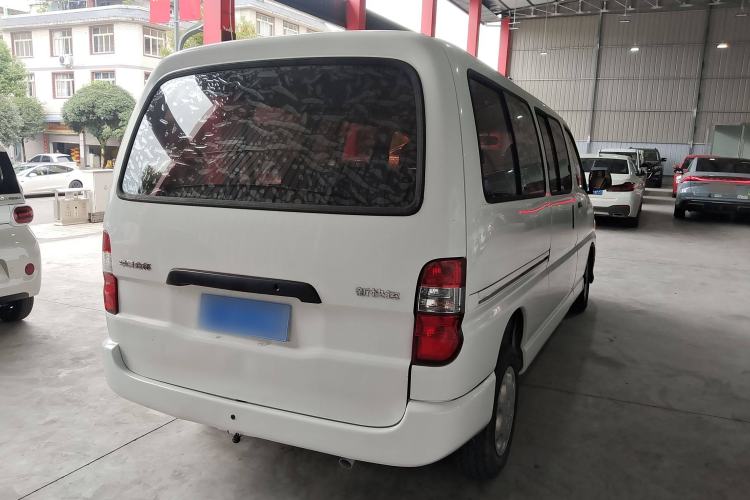Used Jinbei Express 2017 2.0L Standard Version V19 Exterior 6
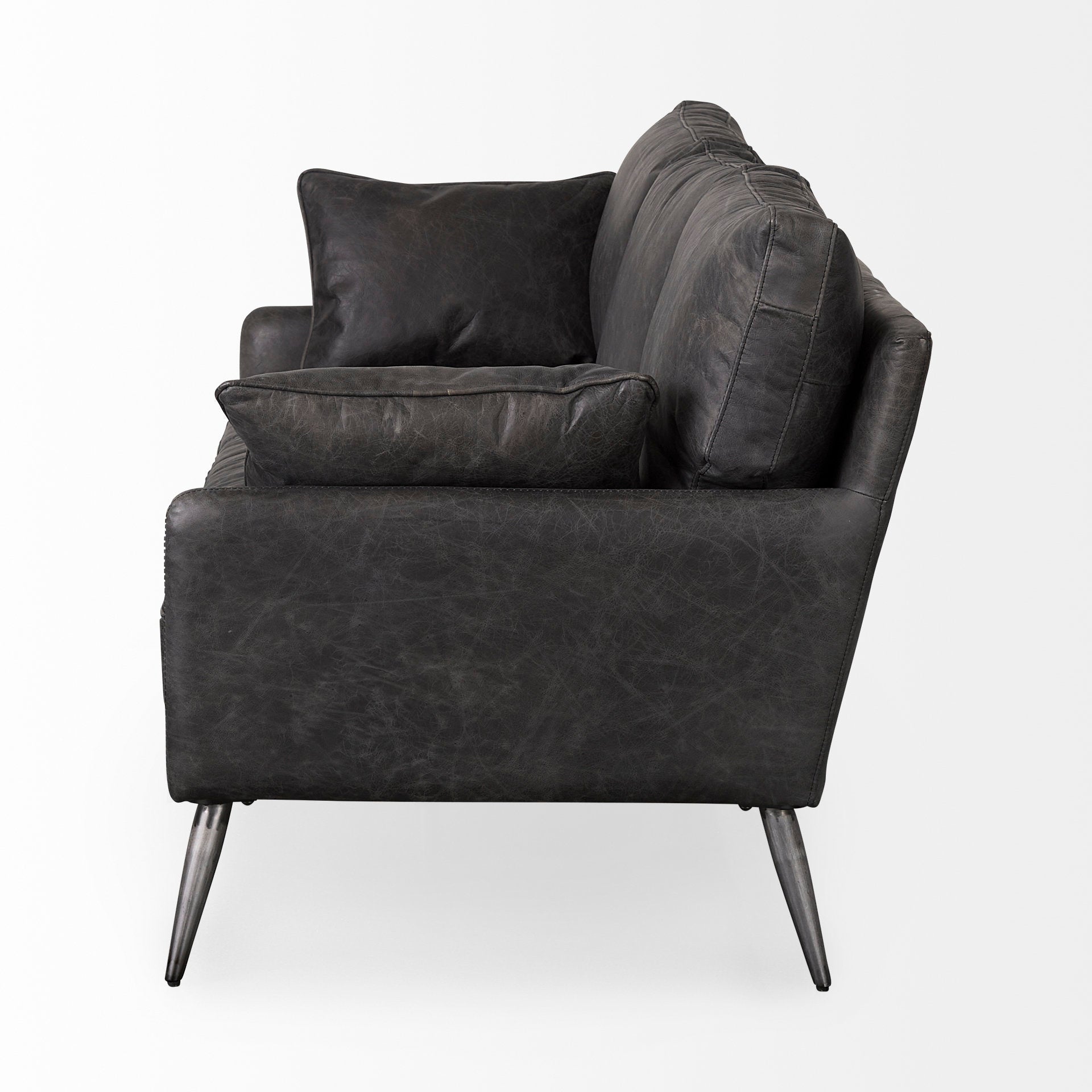 Mercana Cochrane 82" x 33" x 32" Genuine Leather Standard Sofa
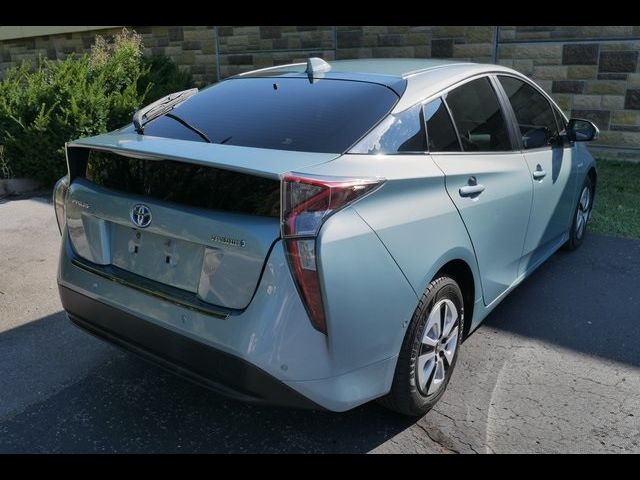 2016 Toyota Prius Three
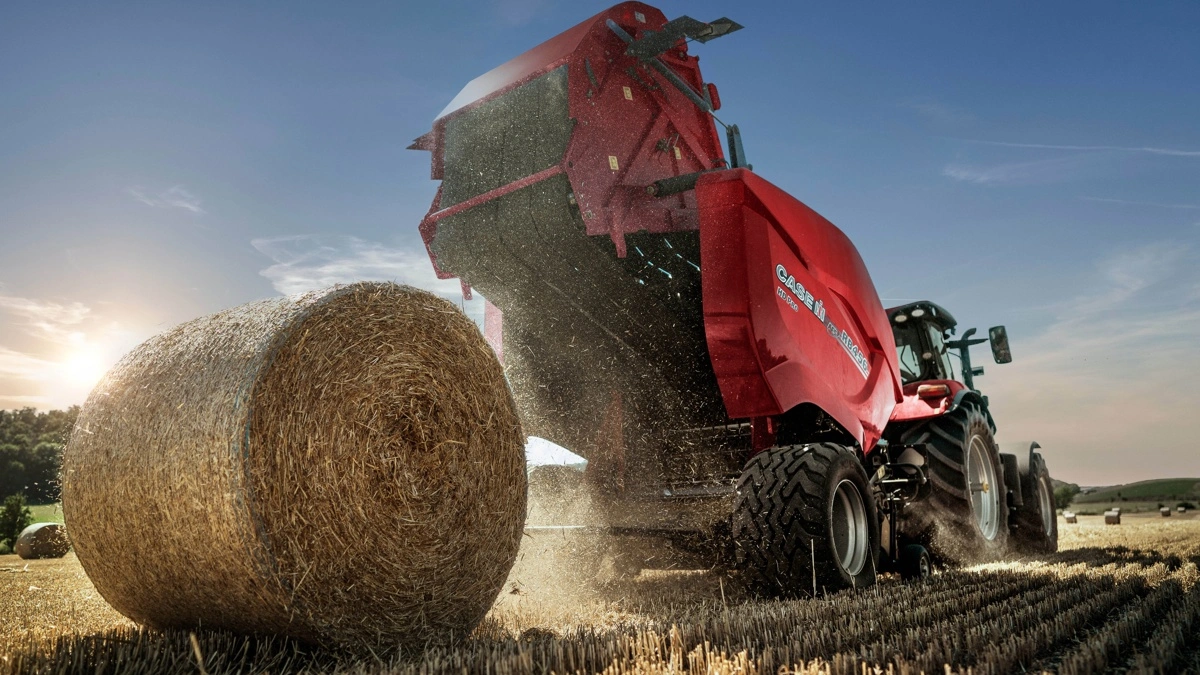 Case IH RB 456 HD er en rundballepresser. RB6-serien får blandt andet forstærket pressekammer, mere automatik og mulighed for plantebaseret net. Pressefotos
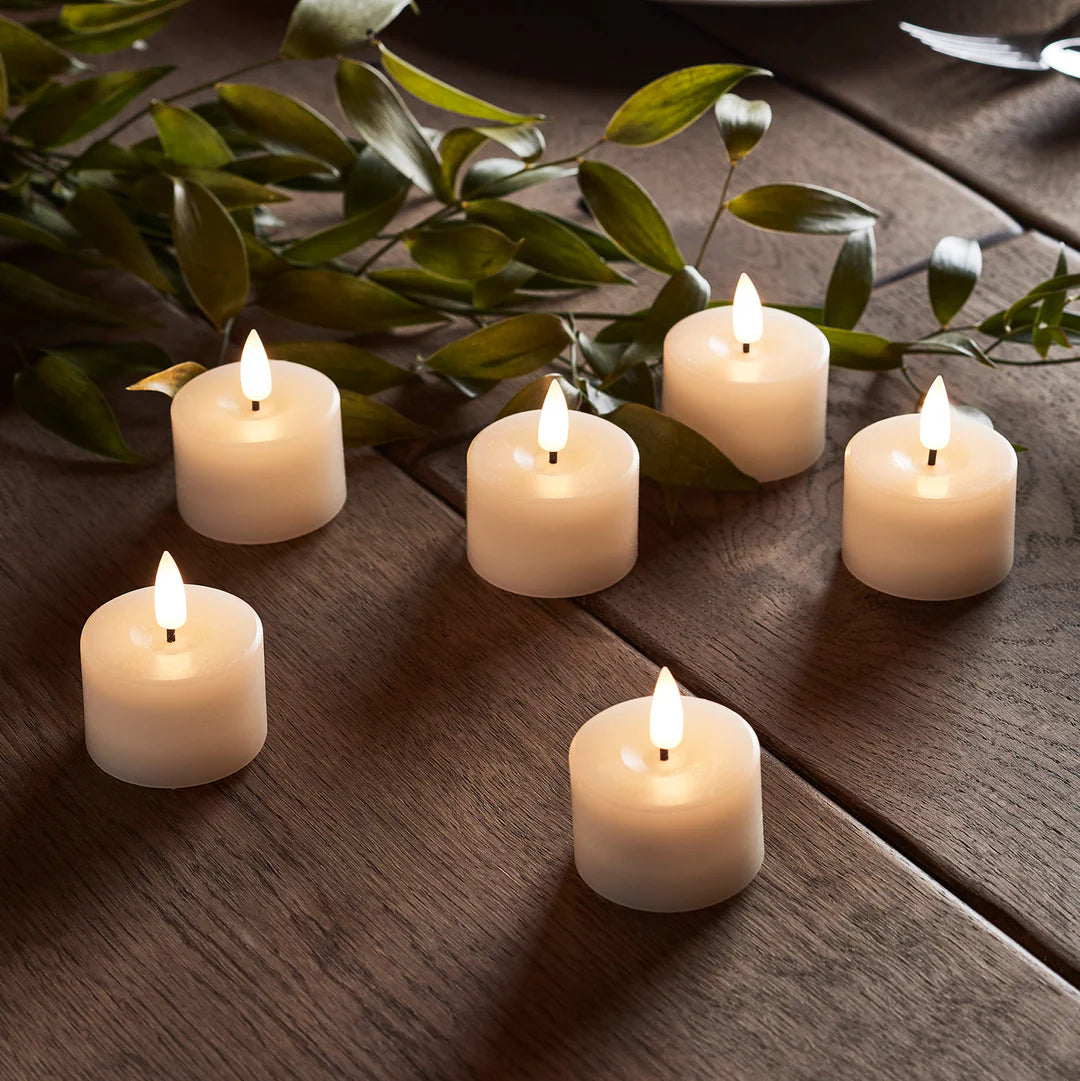 Premium Flickering LED Tealights (6 pcs)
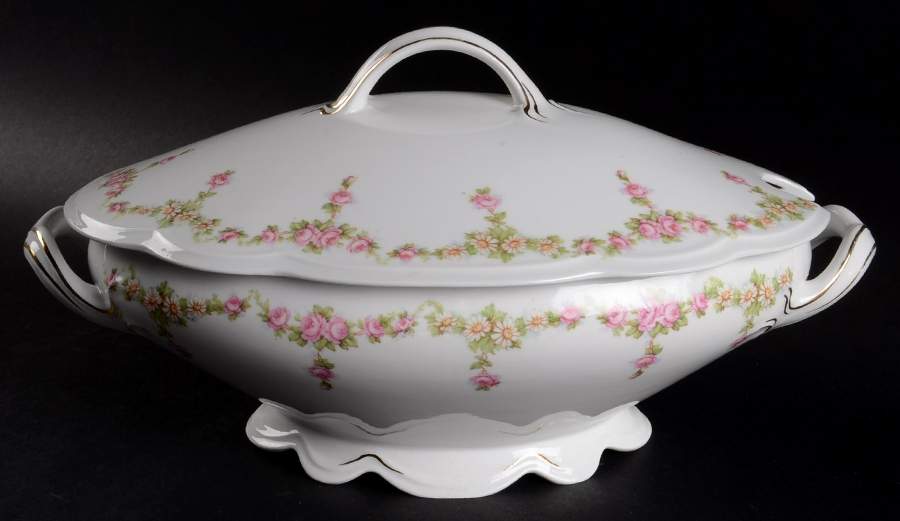 Rose China (Scalloped) Tureen &  Lid by Altrohlau-1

· · · ·

Could you copy exactly, and with no pictures, the lines above from the one containing "Leather Standard Sofa" through the last line, both included?

:: SOLVED EXERCISE ::
 Mercana Cochrane 82" x 33" x 32" Genuine Leather Standard Sofa
 2016 Toyota Prius Three
 Case IH RB 456 HD er en rundballepresser. RB6-serien får blandt andet forstærket pressekammer, mere automatik og mulighed for plantebaseret net. Pressefotos
 Premium Flickering LED Tealights (6 pcs)
 Rose China (Scalloped) Tureen &  Lid by Altrohlau-1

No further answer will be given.